Detection pages instead of recognition crops:

generate_dataset("pages", num_images=5000, task="detection", languages=["en", "de"])

...or straight from the command line (installs as doctr-synth, also runnable as python -m generator):

doctr-synth output_dataset -n 10000 -l en de ru
doctr-synth pages -t detection -l en de --layout newspaper

The first run downloads word lists, fonts and backgrounds from public mirrors and caches them; later runs are offline. To stay fully offline from the start, supply your own wordlist_path and font_dir (see below).

generate_dataset(...) is a thin wrapper over the GenerationConfig + SyntheticDatasetGenerator pair you can still use directly for full control. The config is organised into focused sub-configs (core, resources, corpus, balance, coverage, recognition, realism, detection) - build it nested, or use GenerationConfig.flat(...) to pass flat keyword names. Any of those keywords can also be passed straight to generate_dataset(...):

from generator import GenerationConfig, CoreConfig, DetectionConfig

# nested - group related options together
cfg = GenerationConfig(
    core=CoreConfig(num_images=10_000, task="detection", languages=["en", "de"]),
    detection=DetectionConfig(layout="newspaper"),
)

# ...or flat, routed into the sub-configs for you
cfg = GenerationConfig.flat(num_images=10_000, task="detection", det_layout="newspaper")

# ...or just the one-liner
generate_dataset("output_dataset", num_images=10_000, languages=["en", "de"], output_jpeg=True, num_workers=8)

Bring your own resources

wordlist_path and/or font_dir take precedence over the automatic downloads (e.g. the bundled resources/ or the fonts_v1 release):

generate_dataset(
    "output_dataset",
    num_images=1000,
    wordlist_path="resources/corpus/latin_ext_balanced_words.txt",
    font_dir="resources/font",
    bg_image_dir="resources/background_images",
)

Automatic resources

On the first run anything you don't provide is fetched from public mirrors and cached (later runs are offline).
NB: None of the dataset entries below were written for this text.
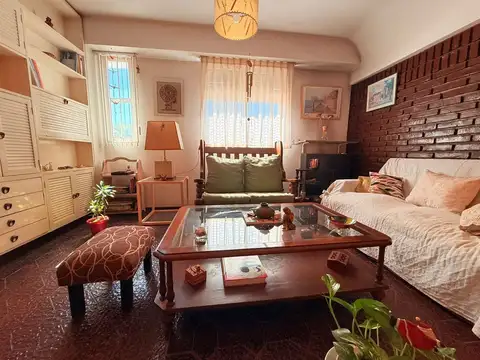 Depto Tipo Casa 4 ambientes con 1 baño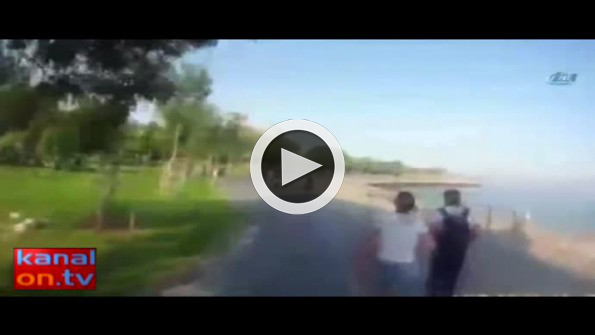 Motosiklet ve bisiklet kafa kafaya böyle çarpıştı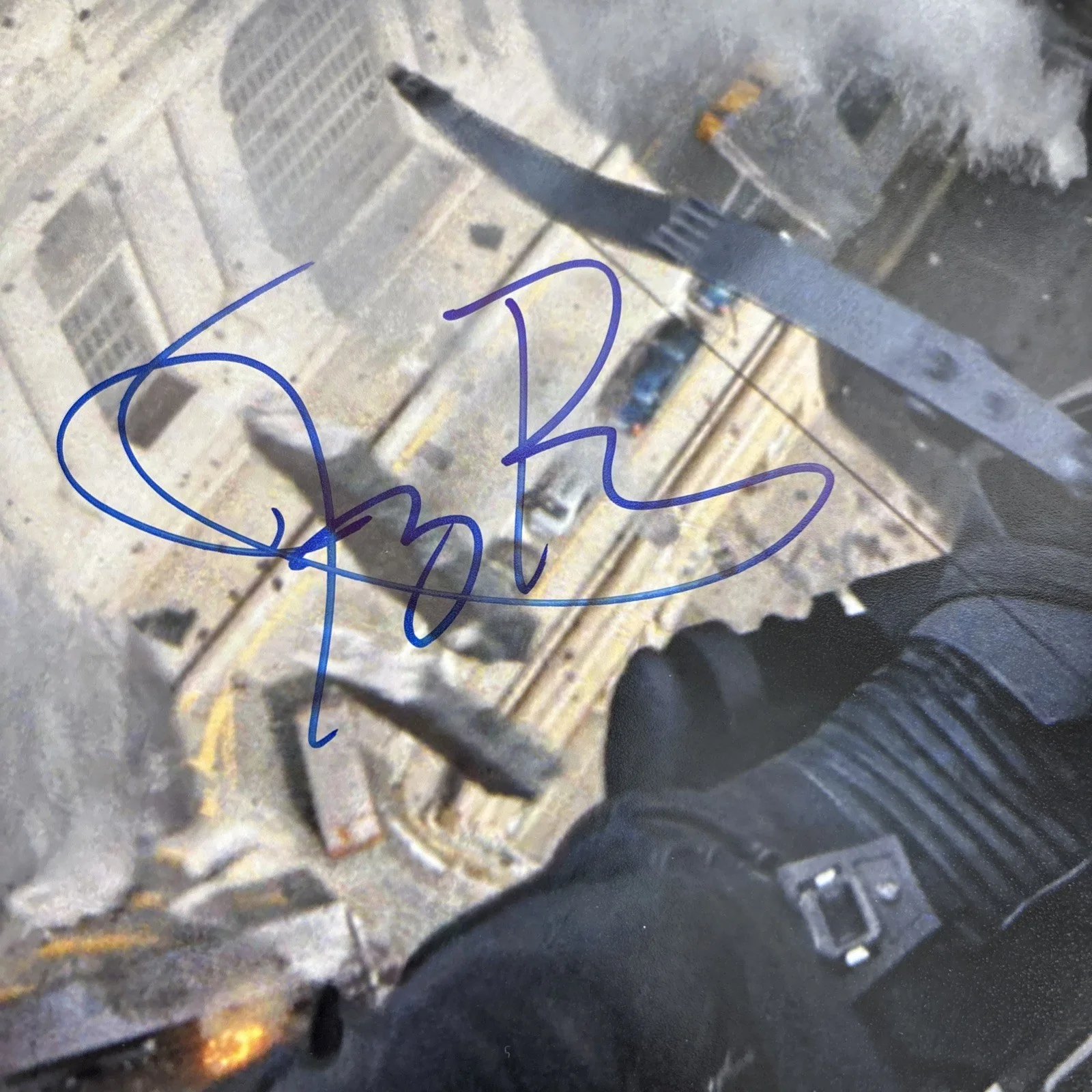 JEREMY RENNER — JEREMY RENNER Autograph Signed 11x14 Photo Celebrity Authentics Certified, изображение 2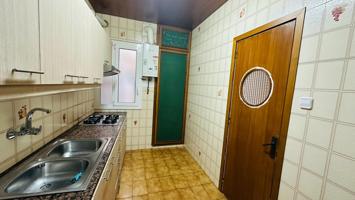 Vivienda en Cornellà photo 0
Providing your own font_dir / wordlist_path / bg_image_dir takes precedence and skips the matching download.

Fonts - when no local font covers every character of a word, a matching open-source Noto font is downloaded, verified and cached, so words are never silently skipped (the usual cause of biased, latin-only datasets). Disable with auto_download_fonts=False.
Words - with no wordlist_path, real frequency-ranked words come from FrequencyWords (~85 languages) and are cleaned (script filter, length bounds, punctuation removal). Two realism helpers are on by default: casing_variant_prob (0.3) adds Title/UPPERCASE variants, and numeric_token_ratio (0.05) mixes in numbers, dates and prices.
Backgrounds - with no bg_image_dir, a curated background set is downloaded instead of blank pages. Disable with auto_download_backgrounds=False, or pass a background_manifest_url for your own collection.

Dataset balancing

For multilingual runs the language mix is explicit and controllable instead of being dominated by whichever language has the most words:

config = GenerationConfig.flat(
    output_dir="output_dataset",
    num_images=30000,
    languages=["en", "de", "ru"],
    language_balance="balanced",  # "balanced" (default) or "proportional"
    # language_weights={"en": 0.6, "de": 0.3, "ru": 0.1},  # or set explicit weights
    min_char_coverage=20,  # ensure every character appears >= N times (0 = off)
)

The split is stratified: train and val share the same language mix and exact words do not leak from train into val. A balance report is printed before generation (per-language train/val counts, train/val overlap, distinct/rare characters, word-length statistics); silence it with print_balance_report=False.

Supported languages

Pass ISO 639-1 codes in languages=[...]. Each code resolves three things automatically: real words from a public frequency list (when one exists), a script-matching open-source font (downloaded on demand), and the docTR vocab used for coverage and for the recognition vocab restriction. Complex scripts are shaped correctly - Arabic, Hebrew and Urdu run right-to-left, and Indic, Thai and Myanmar clusters (consonant conjuncts, matras, medials, vowel signs and viramas) are built as valid grapheme clusters, including in synthesised coverage tokens.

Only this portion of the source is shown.